REQUIRED ACTION ▸ Copy exactly, and only, the lines between the start of the entries below and the line containing "年轻女子在湖上享受夏日的肖像。图片下载", both inclusive. Omit pictures.

Segment Open

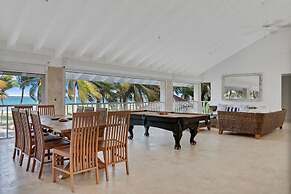 Oceanfront Golf Course Estate w Pool Guest House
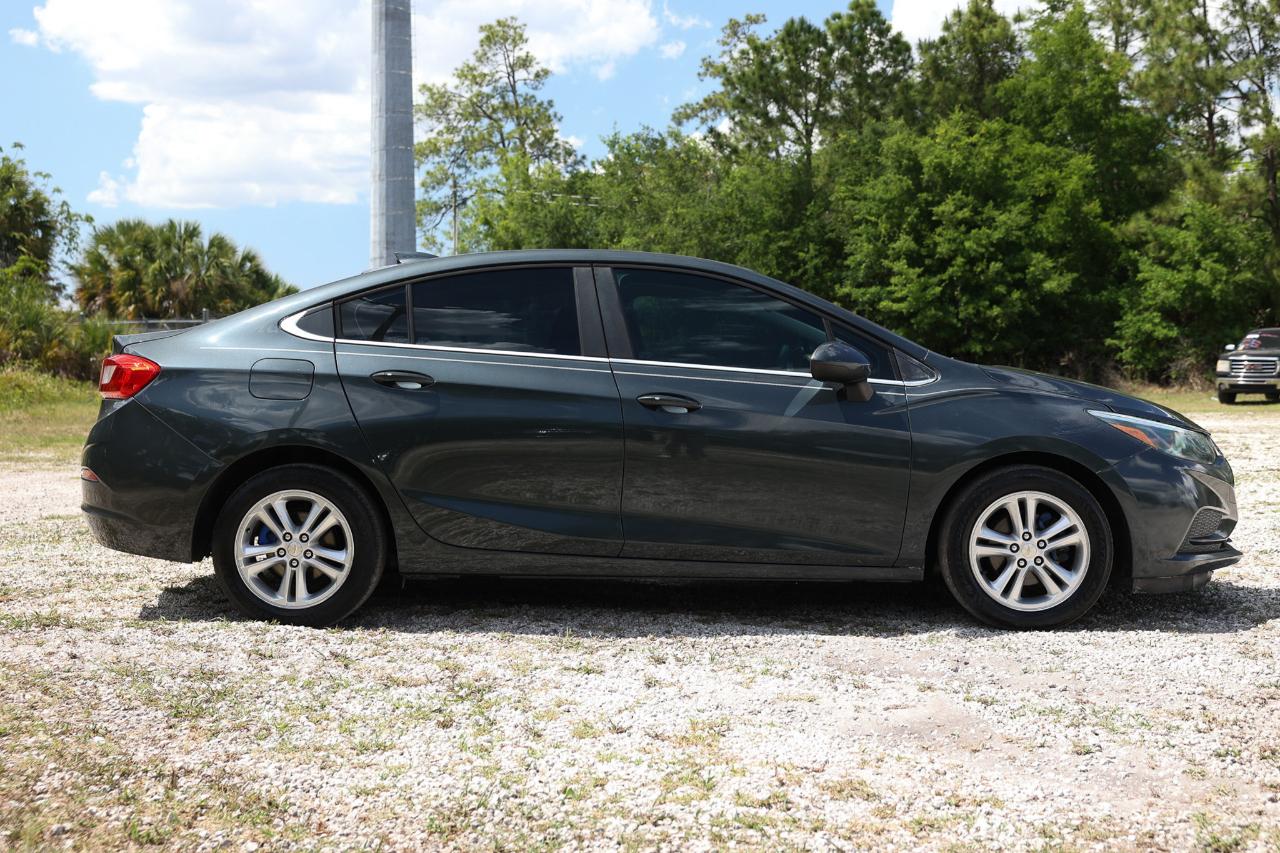 Chevrolet Cruze  2018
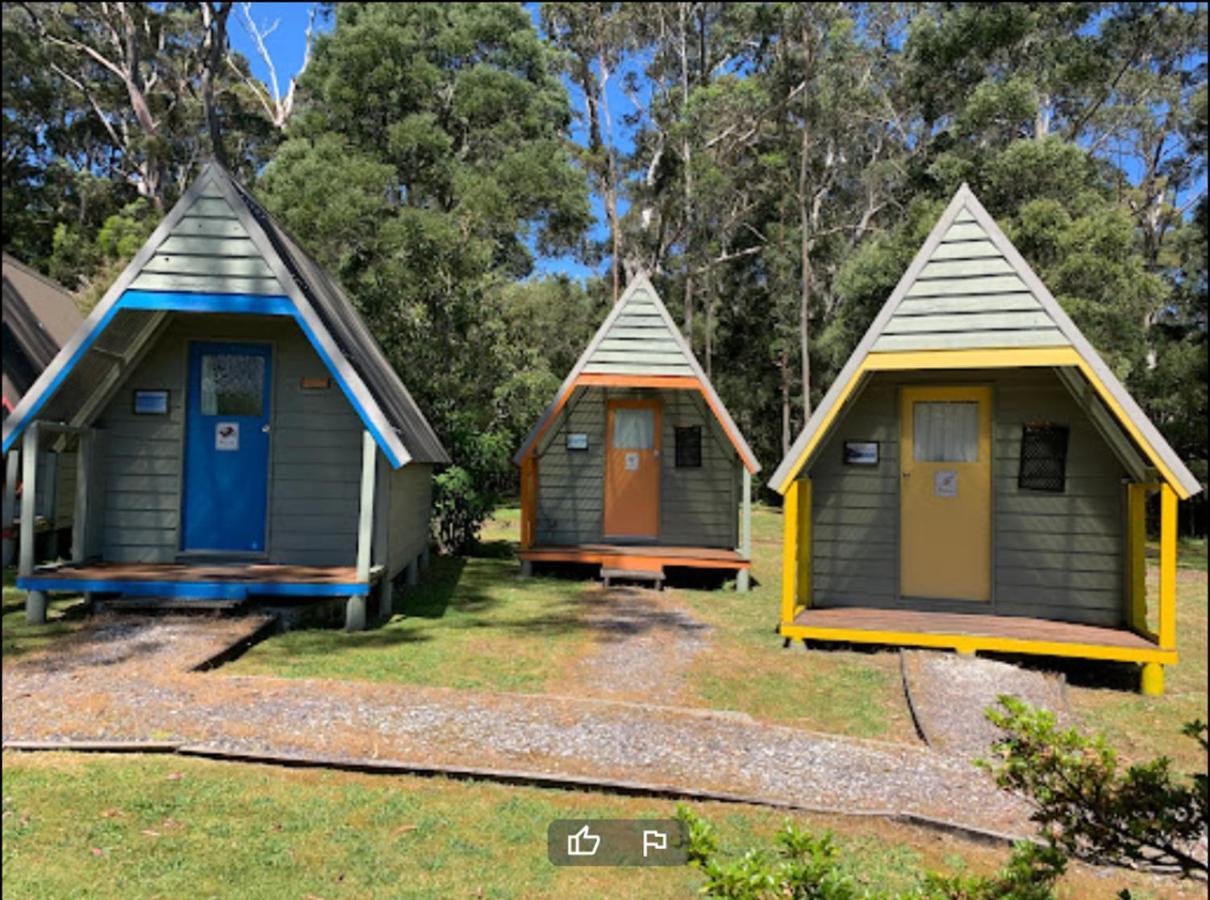 Strahan Backpackers Экстерьер фото
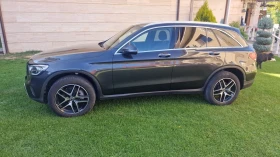 Mercedes-Benz GLC 300 14000км.панорама, безключов достъп......, снимка 3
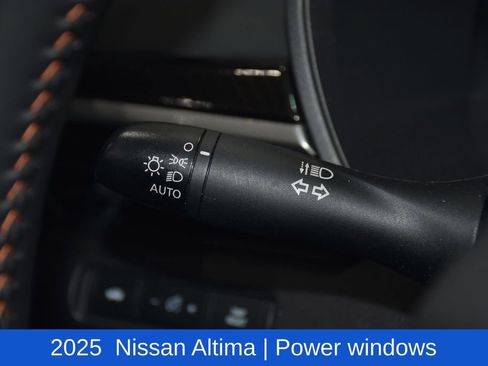 Used 2025 Nissan Altima 2.5 SR w/ SR Premium Package image 10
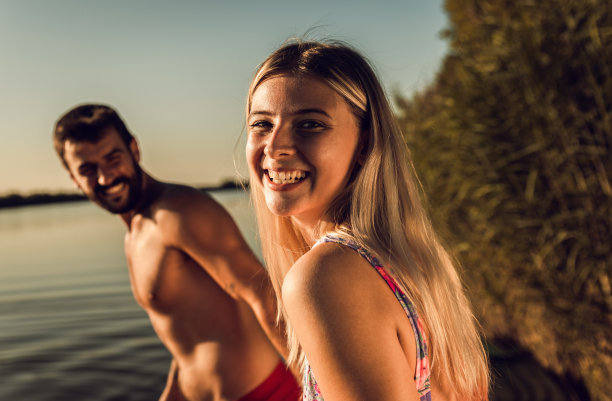 年轻女子在湖上享受夏日的肖像。图片下载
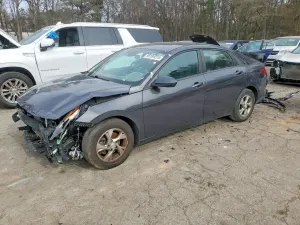 Hyundai Elantra SE 2.0L 4 2021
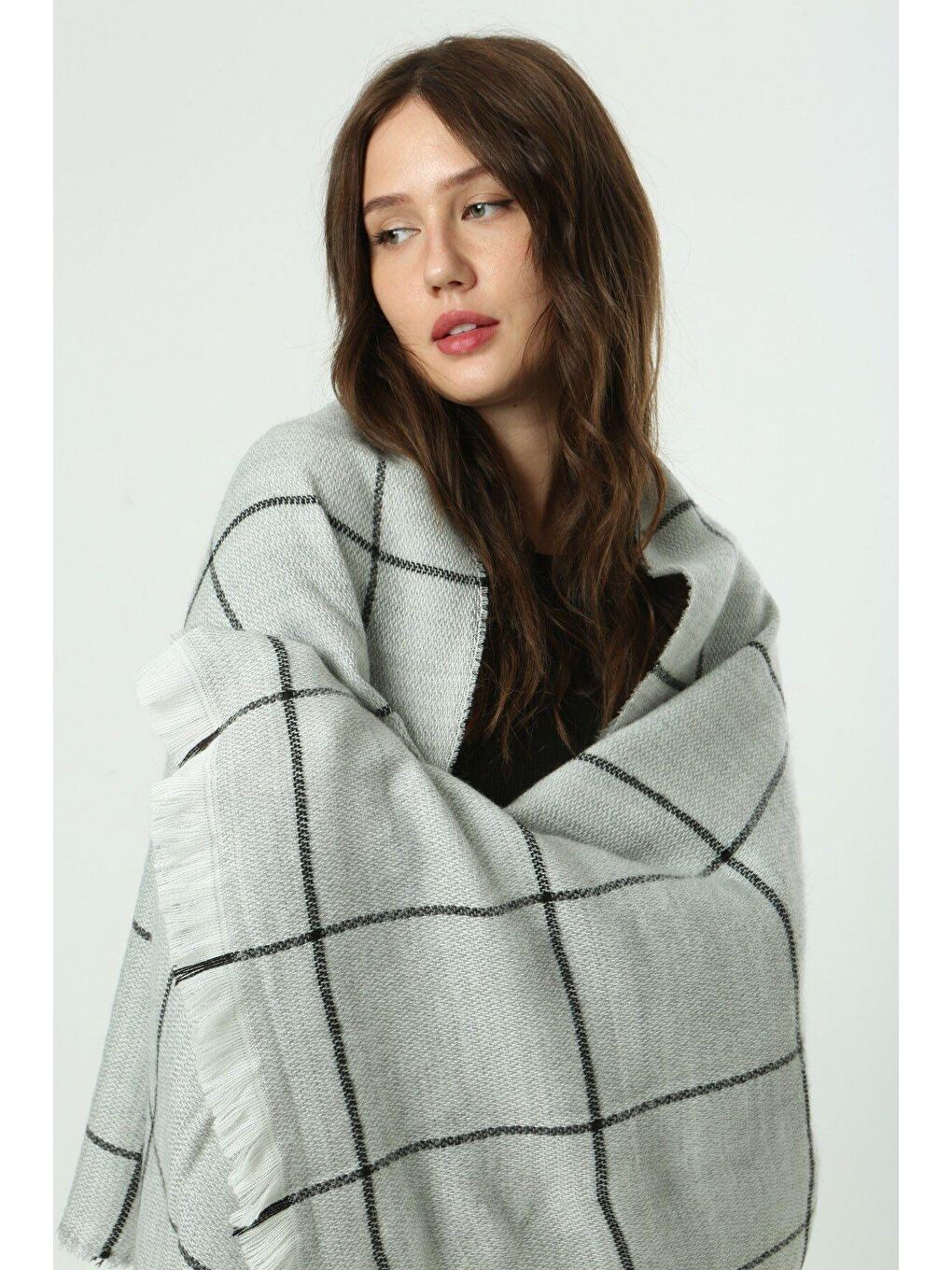 Kadın Gri Kare Desenli Atkı - Şal 70x180 cm SAL1210-3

Segment Closed

PROBLEM SOLUTION ▸
 Oceanfront Golf Course Estate w Pool Guest House
 Chevrolet Cruze  2018
 Strahan Backpackers Экстерьер фото
 Mercedes-Benz GLC 300 14000км.панорама, безключов достъп......, снимка 3
 Used 2025 Nissan Altima 2.5 SR w/ SR Premium Package image 10
 年轻女子在湖上享受夏日的肖像。图片下载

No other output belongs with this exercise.